You can set up another script that accesses the database and performs these queries periodically and connect it with a notification service that can inform you if anything relevant is found. Simple notification services can be email, telegram, discord bots, etc.

## Customizing the Crawler

The crawler is customizable to suit your needs and its behavior can be modified by changing the parameters in `conf/search_config.json`. The following parameters can be modified:

| Field | DataType | Description |
|----------------- |----------------- |---------------------------------------------------------------------------------------------------------------------------------------------- |
| `groups` | `List[str]` | A list of Facebook group IDs to search |
| `fields` | `List[str]` | A key:value map storing a post's field name and corresponding column name in the database |
| `keywords` | `List[str]` | A list of key words/phrases that are searched for inside each post. Matched keywords are extracted and stored for each post |
| `filters` | `List[str]` | A list of filter words/phrases that must be present in each post. If any filter is matched, the corresponding post is tagged in the database |
| `crawler_options` | `Dict[str, bool]` | A key:value map storing options for the crawler |
| `pages` | `int` | The number of pages to crawl per search |
| `interval` | `int` | The time interval in minutes to perform each search |
| `spelling` | `int` | The degree of variation allowed in spellings while looking for keywords |
| `multithreaded` | `bool` | Whether to use multithreading to fetch posts from multiple groups simultaneously |

### More Information

- `groups`
- Each Facebook group is crawled one after the other
- The order of the groups in the list is the order in which the groups are fetched.
- `fields`
- You can customize which fields of a post are extracted and stored in the database
- Each entry is of the form `post_property: database_column`. You can find all the properties in `conf/post_fields.json`
- To add/remove a field, perform the following steps:
- Make suitable changes to `conf/ddl.sql` to create the right schema for the database
- Add/remove the fields from the `fields` list
- Ensure the database column names in the `fields` list matches the columns in the database in `ddl.sql`
- `keywords`
- Words or phrases
- Case-insensitive
- Minor variations of the words are handled (for example, `"indiranagar"` and `"indranagar"` are treated as the same word)
- If any of the keywords are matched, it is added to the list of keywords for that post in the database.
- `filters`
- Words or phrases
- Case-insensitive
- Minor variations of the words are **NOT** handled (for example, `"indiranagar"` and `"indranagar"` are treated as different words here)
- If any filter is matched, the corresponding post is tagged in the database.
- Remember to be careful with filters, since they are matched as is (for example, using the filter `"male only"` will also match `"female only"` flats.
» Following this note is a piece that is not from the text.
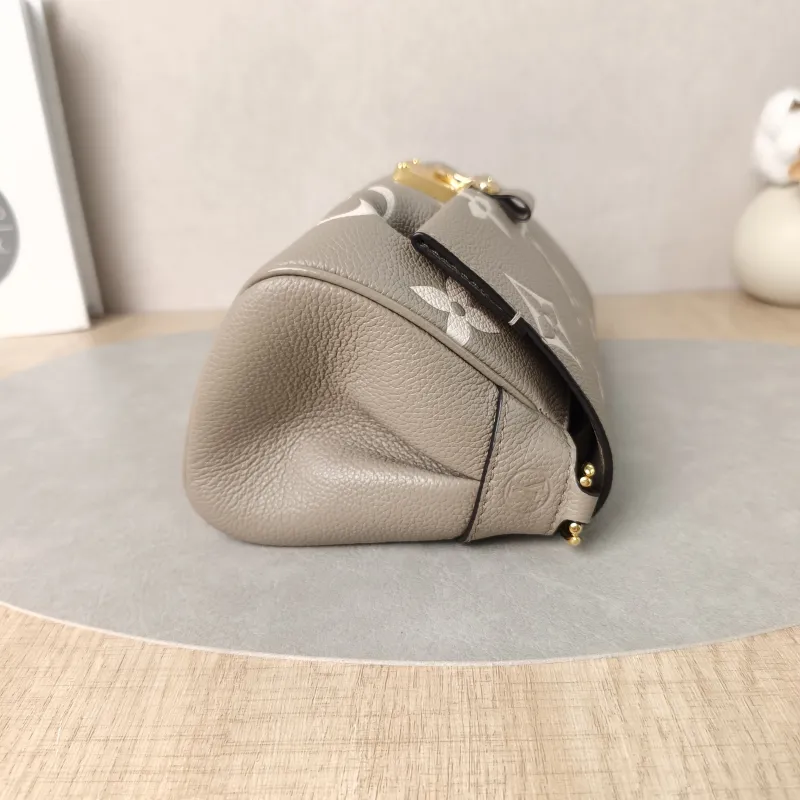 Louis Vuitton Crossbody Bag Favorite Empreinte Embossed Calfskin Medium24 × 9 × 14 cm — detail view 10 of 13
You can tackle this by adding a whitespace before - `" male only"`)
- `crawler_options`
- You can choose to fetch comments, reactions as well as make extra requests
- By default, these are set to `False`. Setting any of them to `True` would result in making additional HTTP calls to fetch the corresponding fields and hence slow down the crawler
- `pages`
- A smaller number of pages means a faster crawl of each group
- Usually fetches about 10-20 posts per page and covers more than an hour's worth of posts
- `interval`
- The interval in minutes the crawler is going to run
- Do not set a low value here since it might lead to an IP ban for making too many successive requests
- `spelling`
- The threshold applied to edit distance while finding variations in the spelling of keywords
- A higher value means that more variations will be considered when looking for keywords, and a lower value means fewer variations are considered
- Increasing the value too much will result in false positives (for example, `"indiranagar"` might match with `"ramnagar"`)
- `multithreaded`
- You can leverage multithreading to fetch posts from multiple groups simultaneously
- This is set to `False` by default since it might lead to an IP ban for making too many successive requests
- If you crawling a small number of groups or fetching a small number of pages, you can set this to `True` to speed up the crawler

## Why crawl Facebook groups?

Searching for flats and/or flatmates is a very daunting and tiresome task, especially when you move to a new city and there is a constant demand for good places to stay. A few Facebook (yes, the same social media platform we all ditched a few years ago) groups have been created to help people find flats and/or flatmates. Unfortunately, there are multiple posts in each group and there are over 20 groups. It is not feasible time-wise to look at each post on each group and check if it is relevant to your needs. Using the Facebook API requires admin access to these groups, which most of us don't have.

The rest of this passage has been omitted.